Stuart Little (born 1 August 1967) is an English professional golfer who played on the European Tour.

==Career==
A left-handed golfer, Little qualified for the European Tour through Qualifying School in 1991 and 1992 and 2004 – and twice through the Challenge Tour – in 2001 and 2003.

===Challenge Tour===
After the 1991 and 1992 seasons where he both finished ranked 148th, he dropped down to the Challenge Tour, where he won the Rolex Trophy at Golf Club de Geneve in Switzerland twice, in 1994 and 2001. He was also runner-up at the 1994 Challenge Chargeurs, 2001 Open Golf Montecchia - PGA Triveneta, 2001 Zambia Open and lost a playoff at 2000 Norwegian Challenge.

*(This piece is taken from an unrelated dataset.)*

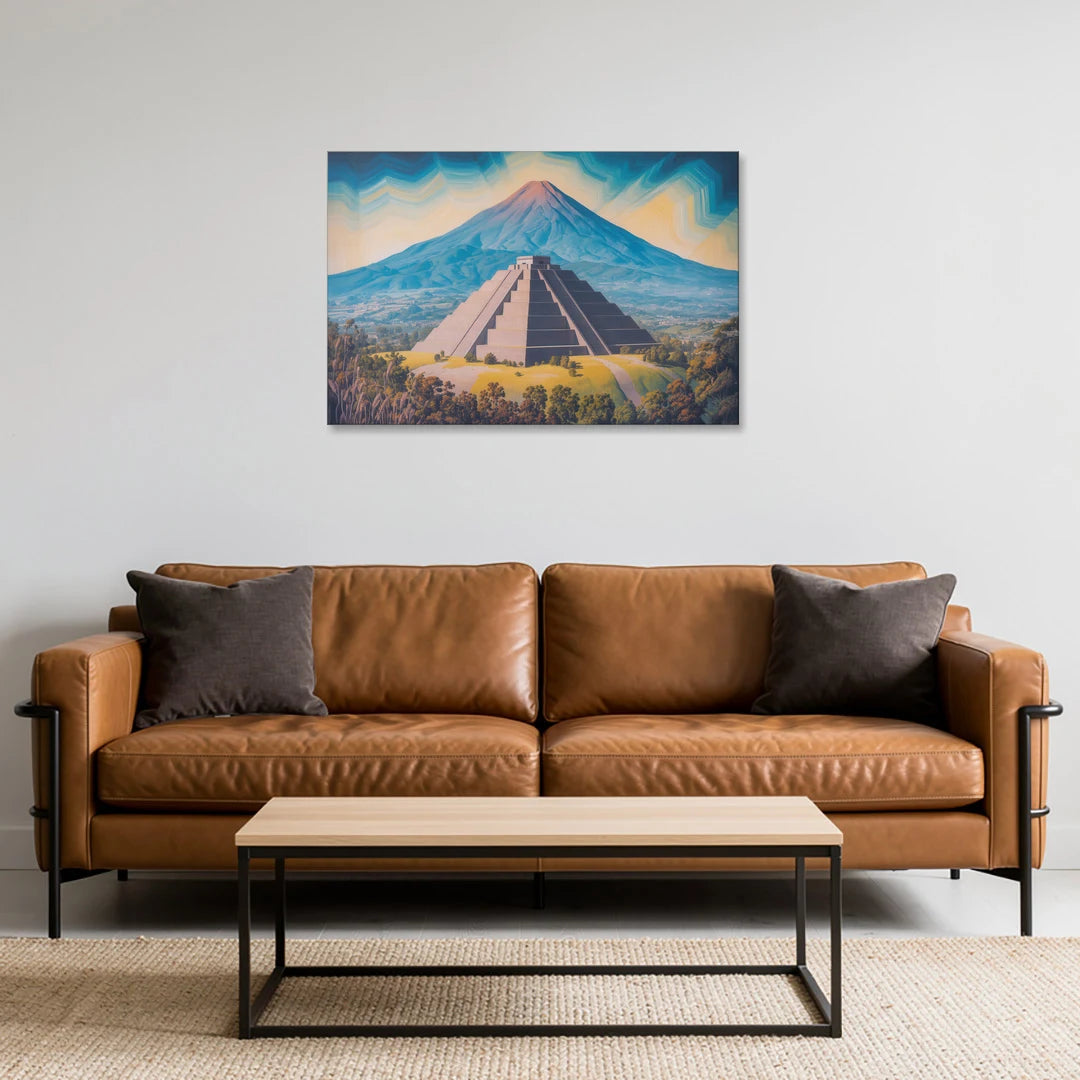 Cholula Pyramid View - Canvas Wall Art - Sofa - 36x24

Little finished 14th in the 2001 Challenge Tour rankings to get promoted back up to the European Tour. However, he failed to make an impact on the 2002 European Tour and found himself back on the 2003 Challenge Tour, where he was runner-up behind Darren Clarke at the Northern Ireland Masters, a one-off tournament played in September 2003 at Clandeboye Golf Club in Newtownards, Northern Ireland.

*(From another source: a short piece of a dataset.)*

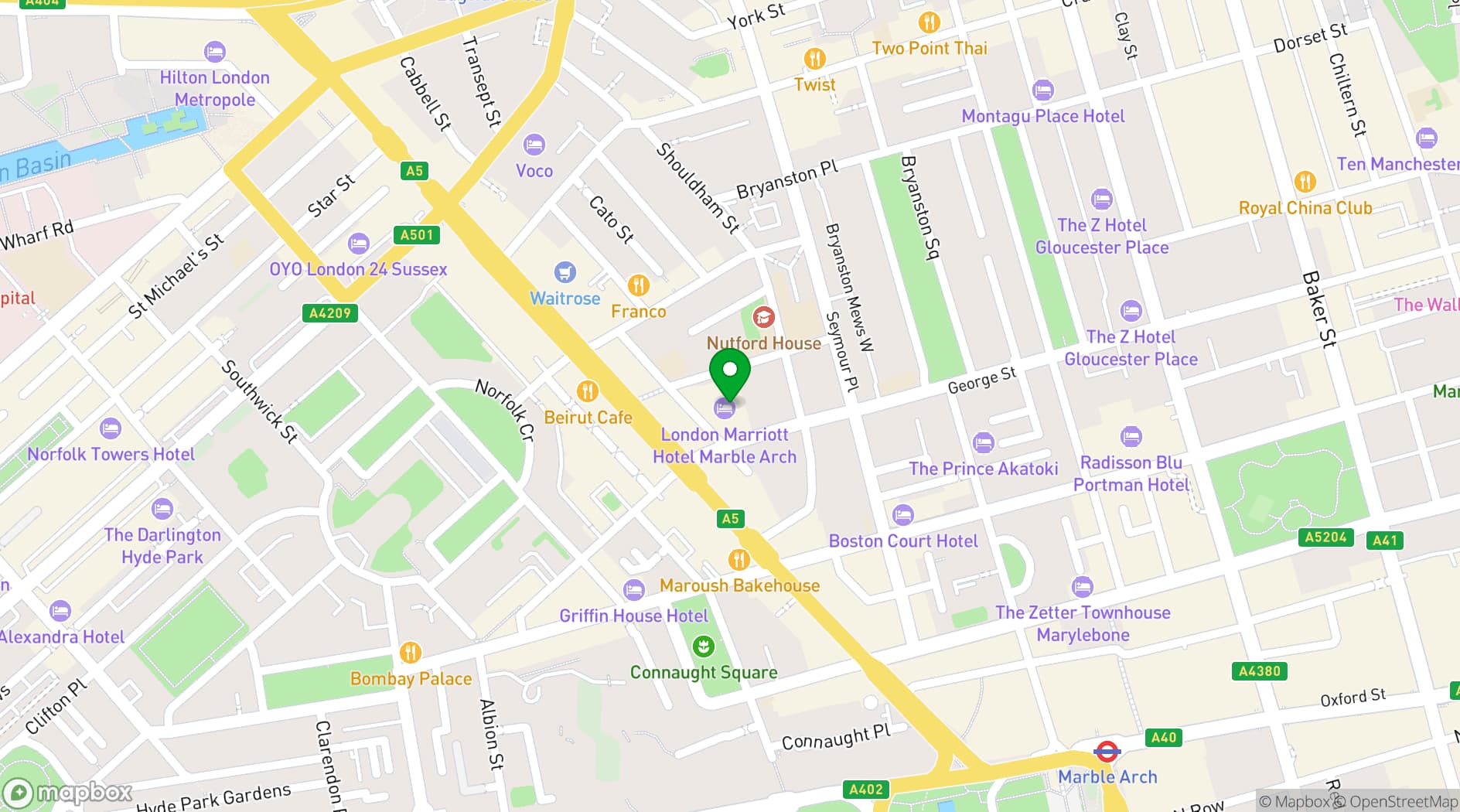 Map showing London Marriott Hotel Marble Arch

Finishing a career best of 8th in the 2003 Challenge Tour rankings, he was back on the European Tour 2004. To stay there in 2005 he had to come through the Qualifying School process, which he did by first finishing in a share of fourth place at Oliva Nova in stage two and then taking the 28th card available from the Final Stage at San Roque after six consistent rounds in the 70s.

===European Tour===
The 2005 European Tour was his most successful season. He was runner-up at the Abama Open de Canarias, the last of four dual ranking events on the European and Challenge Tours that year. He also finished top-10 at the BMW Asian Open, Omega European Masters and Telecom Italia Open, and rose to around 250 on the Official World Golf Ranking. He ended the season 63rd on the Order of Merit, 55 places above his previous best position. Little credited his improvement to a decision early in 2005 to switch to a new coach in Gary Nicol and sports psychologist Dr Karl Morris.

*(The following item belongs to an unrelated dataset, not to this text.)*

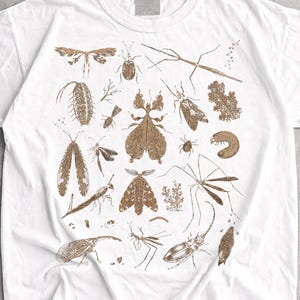 Op de afbeelding: Een wit T-shirt met korte mouwen en een bruine grafische print van diverse insecten en botanische elementen op de voorzijde. Het ontwerp bevat gedetailleerde illustraties van kevers, motten en wandelende takken in een wetenschappelijke stijl.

2006 and 2007 saw only one top-10, at the 2007 Open de España. Retiring from tour after the 2007 season with € 1,122,724 in career earnings, he represented Great Britain and Ireland at the 2011 PGA Cup.

===European Senior Tour===
Little joined the qualifying school played in Portugal in late January 2019. First there was a 36-hole stage one event from which Little advanced, joining other leading players and a number of exempt players in the 72-hole final stage. There were just five qualifying places available for the 2019 season, but Little beat Peter Wilson with a birdie at the second playoff hole to secure the fifth and last place on the 2019 European Senior Tour.

==Professional wins (2)==
===Challenge Tour wins (2)===

| No. | Date | Tournament | Winning score | Margin of victory | Runner-up |
|---|---|---|---|---|---|
| 1 | 6 Aug 1994 | Rolex Pro-Am | −19 (67-70-65-67=269) | 2 strokes | SWE Mats Hallberg |
| 2 | 26 Aug 2001 | Rolex Trophy (2) | −17 (66-67-69-69=271) | 2 strokes | SUI André Bossert |

Challenge Tour playoff record (0–1)

| No. | Year | Tournament | Opponents | Result |
|---|---|---|---|---|
| 1 | 2000 | Norwegian Open | SWE Per Larsson, SWE Paul Nilbrink | Nilbrink won with birdie on second extra hole Little eliminated by par on first hole |

==Results in major championships==

| Tournament | 2000 |
|---|---|
| The Open Championship | CUT |

CUT = missed the halfway cut

Note: Little only played in The Open Championship.